I sighed. Had I been too honest? “What good would it serve for me to lie to you? Fool, you look terrible. It breaks my heart to see you this way. The only thing I can offer myself or you is that as you eat and rest and grow stronger, your health will improve. When you are stronger, I hope to use the Skill to urge your body to repair itself. That is the only comfort either of us has. But it will take time. And demand our patience. Haste will not serve us.”
“I don’t have time, Fitz. Rather, I do. I have time to get better or time to die. But somewhere, I am sure, there is a son who needs to be rescued before the Servants of the Whites find him. With every day, with every hour, I fear they have already secured him. And with every day and every hour, I am mindful of the continued captivity of a hundred souls in a faraway place. It may seem it has little to do with us and Buckkeep and the Six Duchies, but it does. The Servants use them with no more thought than we give to penning up a chicken or wringing a rabbit’s neck. They breed them for their insights into the future, and they use those insights to make themselves omniscient. It bothers them not at all when a baby is born who will never walk or can barely see. As long as they are pale and have prescient dreams, that is all they care about. The power of the Servants reaches even to here, twisting and turning events, bending time and the world to their will. They have to be stopped, Fitz. We have to go back to Clerres and kill them. It must be done.”
I said what I knew was true. “One thing at a time, my friend. We can only attempt one thing at a time.”
He stared sightlessly at me as if I had said the cruelest thing in the world to him. Then his lower jaw trembled, and he dropped his face into his broken hands and began to sob.

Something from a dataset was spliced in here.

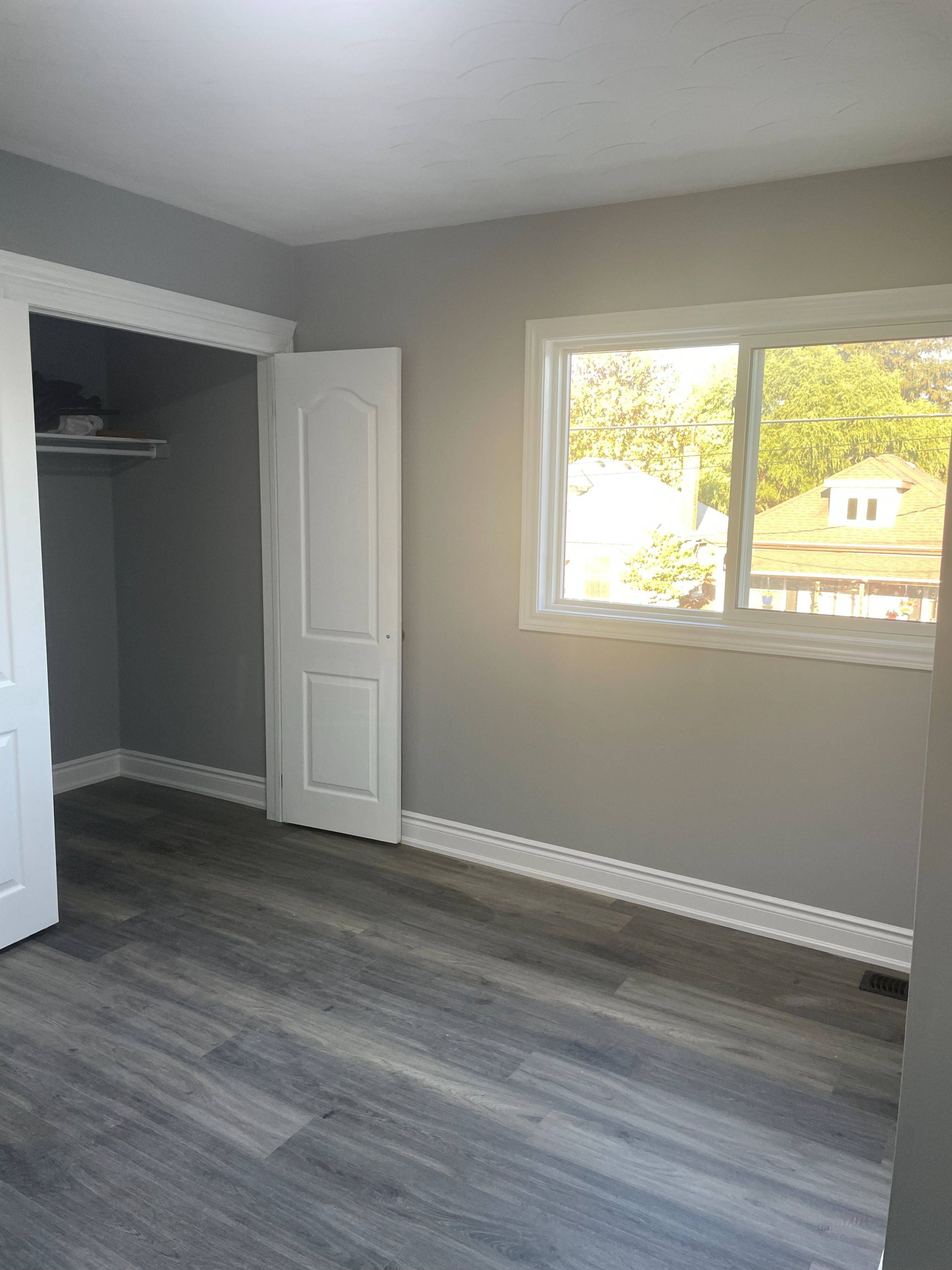 Brantford, ON N3S 3X8,306 Darling ST #Main Floor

I felt sharp annoyance and then deep guilt that I’d felt it. He was in agony. I knew it. How could I feel annoyed at him when I knew exactly what he was experiencing? Hadn’t I felt that way myself? Had I forgotten the times when my experiences in Regal’s dungeons had washed over me like a wave, obliterating whatever was good and safe in my life and carrying me right back into that chaos and pain?
No. I tried to forget that, and in the last decade of years, for the most part I had. And my annoyance with the Fool was not annoyance but extreme uneasiness. “Please. Don’t make me remember that.”

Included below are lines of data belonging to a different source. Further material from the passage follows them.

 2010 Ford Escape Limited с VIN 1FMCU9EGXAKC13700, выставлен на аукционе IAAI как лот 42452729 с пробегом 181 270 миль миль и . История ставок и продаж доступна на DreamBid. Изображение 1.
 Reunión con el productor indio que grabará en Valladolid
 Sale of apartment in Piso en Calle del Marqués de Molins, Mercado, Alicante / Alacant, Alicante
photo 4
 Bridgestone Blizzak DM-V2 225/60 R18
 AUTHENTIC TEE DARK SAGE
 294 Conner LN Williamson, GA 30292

I realized I’d said the betraying words out loud. His only response was to cry louder, in the hopeless way of a child who has no hope of comforting himself. This was misery that could not yield, for he sorrowed for a time he could not return to, and a self he would never again be.
“Tears can’t undo it,” I said and wondered why I uttered the useless words. I both wanted to hold him and feared to. Feared that it would alarm him to be touched and feared even more that it would draw me tighter into his misery and wake my own. But at last I took the three steps that carried me around the table. “Fool. You are safe here. I know you can’t believe it just yet, but it’s over. And you are safe.” I stroked the broken hair on his head, rough as the coat of a sick dog, and then pulled him closer to cradle his head against my sternum. His clawlike hands came up and clutched my wrist, and he held himself tighter against me. I let him have his tears. They were the only things I could give him then. I thought of what I had wanted to tell him, that I had to leave him for a few days to get Bee.